Síria de volta ao tabuleiro

O encontro ocorrido nesta semana em Damasco, reunindo, ao presidente da Síria, os representantes de França, Turquia e Catar, revela duas tendências que vêm surgindo na política internacional – especialmente no que diz respeito ao Oriente Médio. De um lado, vê-se a participação de novos atores mediando os processos de paz, tais como Catar, França e Turquia, que procuram compensar a ausência dos Estados Unidos como mediador dos conflitos da região. Por outro lado, vê-se a Síria buscando uma aproximação com o Ocidente, em busca de um acordo de paz com Israel e a aceitação de seu regime por parte das potências ocidentais.

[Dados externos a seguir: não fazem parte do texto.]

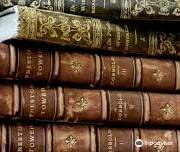 Libros antiguos, Libros raros, Libros agotados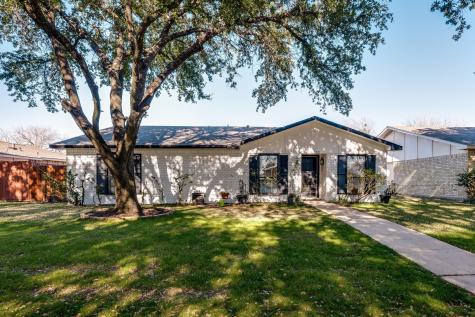 5021 Arbor Glen Road The Colony TX 75056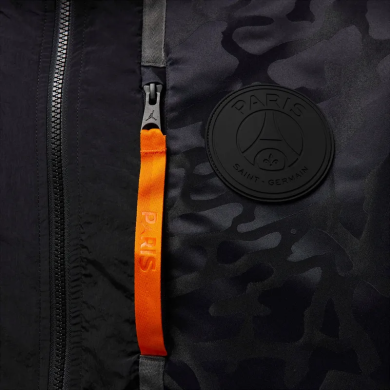 Куртка мужская Air Jordan Paris Saint-Germain Anthem Jacket (DZ2907-010)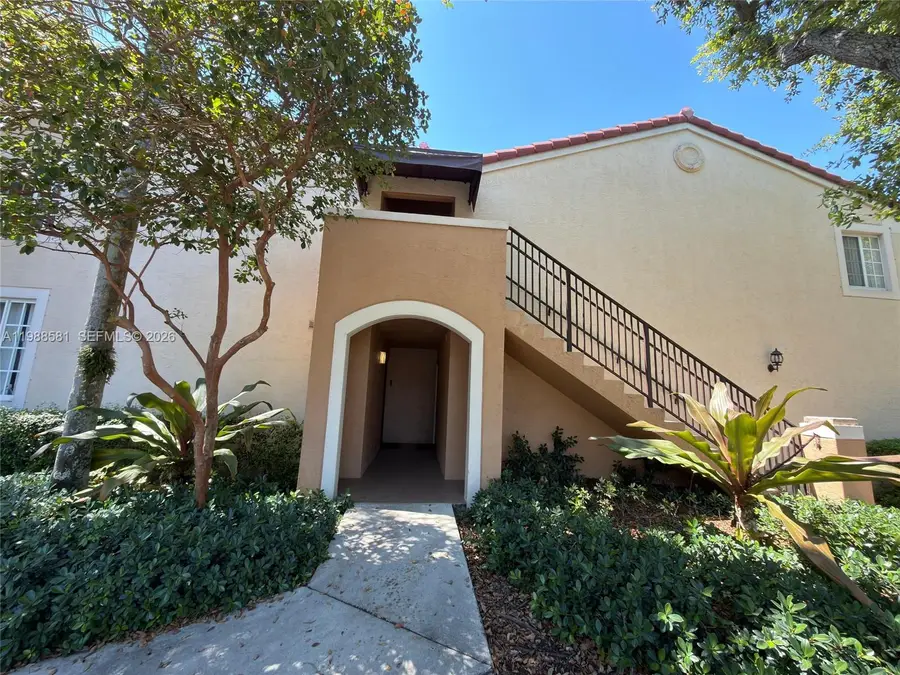 2173 Renaissance Blvd #101, Miramar, FL 33025 - #2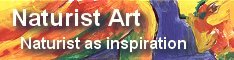 Naturist Art - New Art Genre - The naturist as inspiration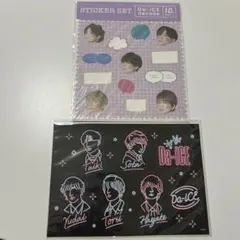 2025年最新】Da-iCE 花村想太 ステッカーの人気アイテム - メルカリ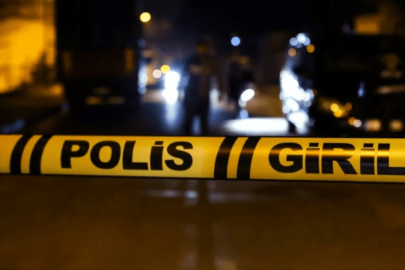 Adana'da berber dükkanında silahlı çatışma: 7 yaralı, 3'ünün durumu ağır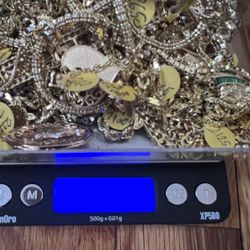 Buying Gold  60Dollar A Gram 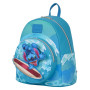 Sac a dos Loungefly Disney Stitch Surfeur - import Août
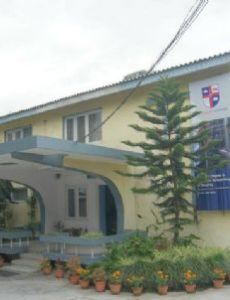 Islington College
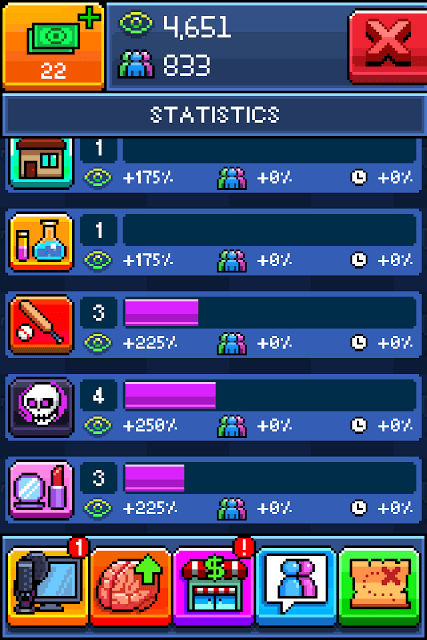 Statistics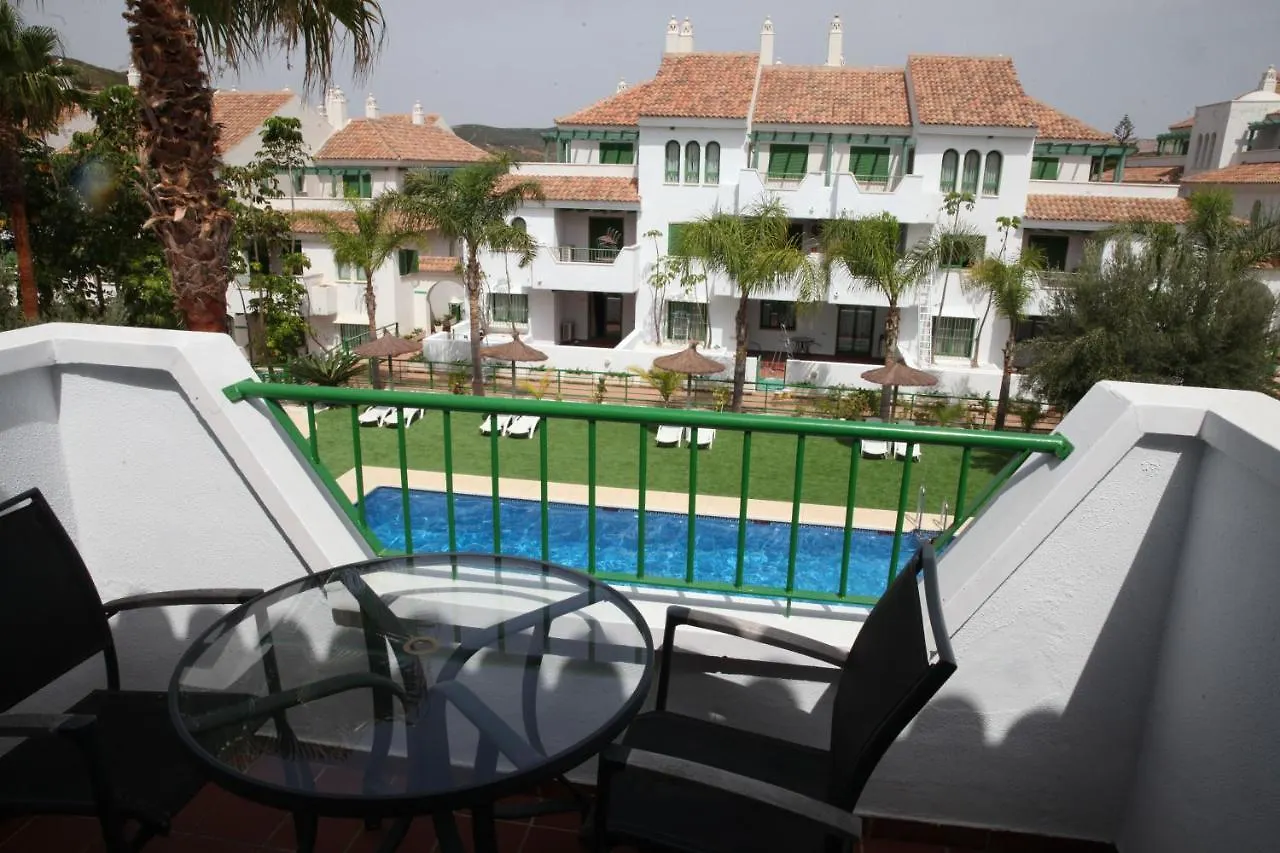 Hotel Apartamentos Manilva Sun 스페인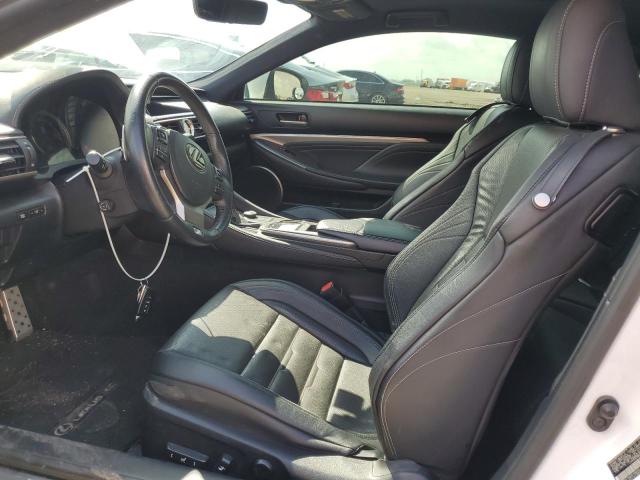 2015 LEXUS RC 350 JTHHE5BC3F5008953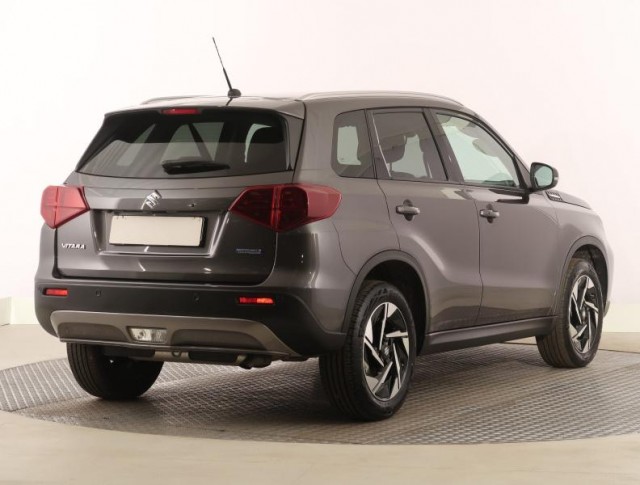 Suzuki Vitara  1.4 BoosterJet Elegance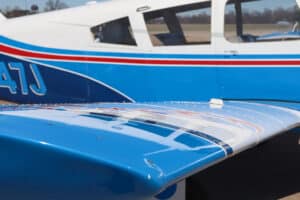 1974 Piper Arrow Forsale Airmart (12)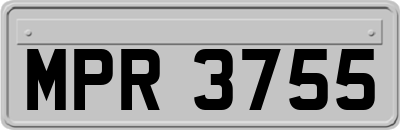 MPR3755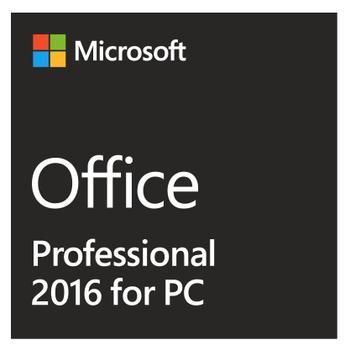MICROSOFT MS OPEN-NL OfficeProfessionalPlus 2016 Sngl (79P-05552)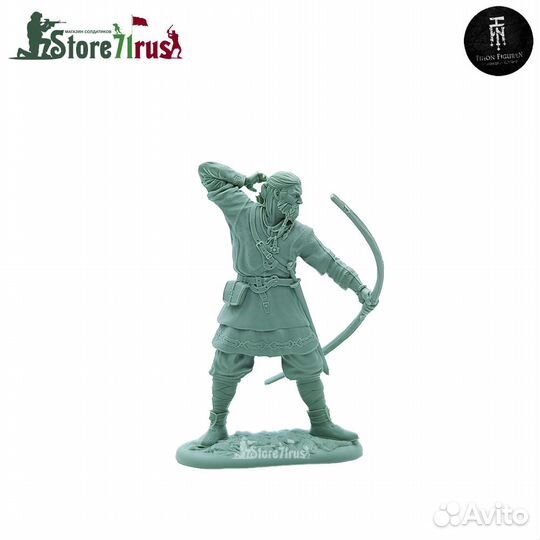 Солдатики TihonFigureN - Викинги Седая Легенда #5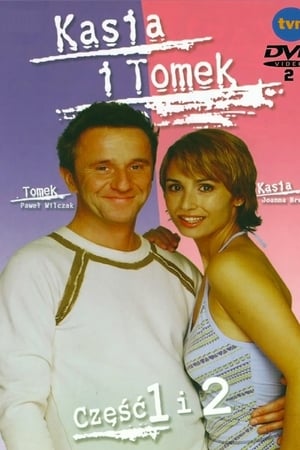 Kasia i Tomek
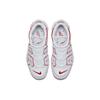 New Nike Air More Uptempo White Varsity Red Outline 921948-102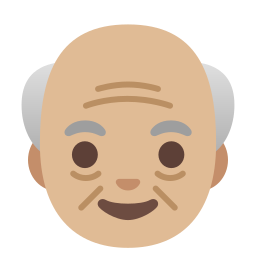 Google (Noto Color Emoji 17.0)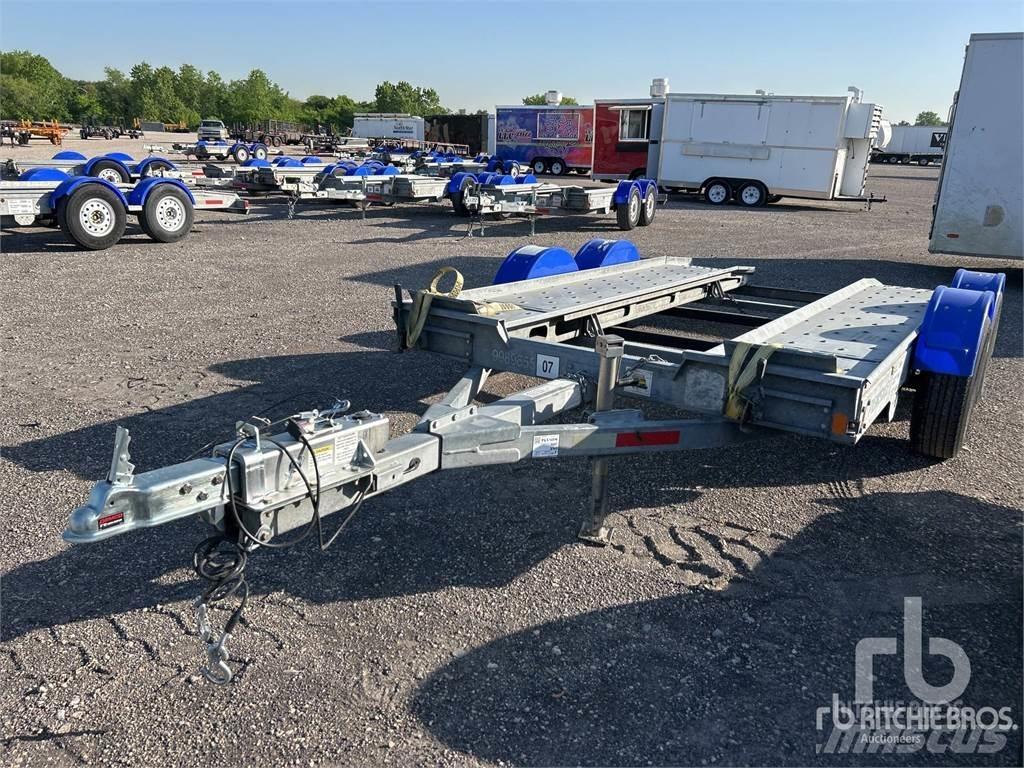 Demco AT7000P Oprijwagen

Participaram da reunião na capital síria o presidente francês Nicolas Sarkozy, o primeiro-ministro turco Recep Tayyip Erdogan, e o Emir Hamad bin Khalifa al-Thani, do Qatar, além do anfitrião, o presidente sírio Bashar al-Assad (na foto, com Sarkozy) – todos eles movidos por interesses próprios, como bem manda a regra de ouro da realpolitik. Para o presidente francês, que se considera um "bom amigo de Israel”, a preocupação é justamente com a possibilidade de existência deste país, pois apenas se forem solucionados os conflitos com Líbano e Síria, diminuídas as tensões com o Irã, e criado um Estado palestino viável, Israel terá a possibilidade de uma existência como nação digna e não mais como um pária internacional. (Infelizmente, o tempo vem se tornando cada vez mais escasso para tal solução, uma vez que continua se concretizando a anexação do território palestino por meio da construção do muro de separação.) Para o Catar, pequeno e rico emirado do Golfo Pérsico, o interesse é com a própria pacificação regional, única possibilidade de que os proventos do petróleo venham a construir uma sociedade mais justa e avançada naquela região – além do fato de que novos conflitos, sobretudo se envolverem o Irã, terão conseqüências desastrosas para a economia e sociedades locais. Quanto à Turquia, também pesa o fato de que qualquer nova erupção de violência do Oriente Médio pode trazer conseqüências sobre o país – que mantém relações simultâneas com Síria e Israel, tornando-se um mediador natural para as negociações informais que vêm ocorrendo entre estes.
Além dos interesses próprios de cada um dos envolvidos, em comum há a preocupação com o vácuo de poder surgido com as políticas incorretas (e, nestes últimos meses, a ausência de políticas) por parte do governo estadunidense. De fato, após ter exacerbado as tensões regionais com a invasão e destruição do Iraque, os Estados Unidos e seu presidente impopular e em final de mandato vêm mantendo uma perigosa abstenção em relação aos demais conflitos da região – isolando a Síria, o Irã e o Hamas, e ignorando o continuado regime terrorista de Israel, com o contínuo massacre do povo palestino e anexação de suas terras. Os quatro líderes que se reuniram em Damasco, assim, procuram criar uma agenda positiva nas negociações de paz de maneira a que o próximo presidente estadunidense e o próximo primeiro-ministro israelense não possam ignorá-la.
Quanto à Síria, é reconhecidamente um ator importante em qualquer tentativa de pacificação do Oriente Médio. Suas políticas regionais, entretanto, buscando hegemonia sobre o Líbano e apoiando os grupos de resistência palestinos que combatem Israel, acabaram por levar a seu isolamento por parte dos Estados Unidos – o que, por sua parte, reforça as políticas “anti-sionistas” e “anti-estadunidenses” do presidente sírio. Disposto, porém, a romper o isolamento, Bashar al-Assad busca retornar a Síria a uma posição de importância na região, beneficiando-se das relações mais regulares com o mundo ocidental que podem advir de um acordo de paz com Israel – embora seja pouco provável que o governo sírio abandone o apoio à resistência palestina, tornando óbvio que somente a retirada israelenses dos territórios ocupados e a criação de um Estado palestino viável podem definitivamente pacificar a região.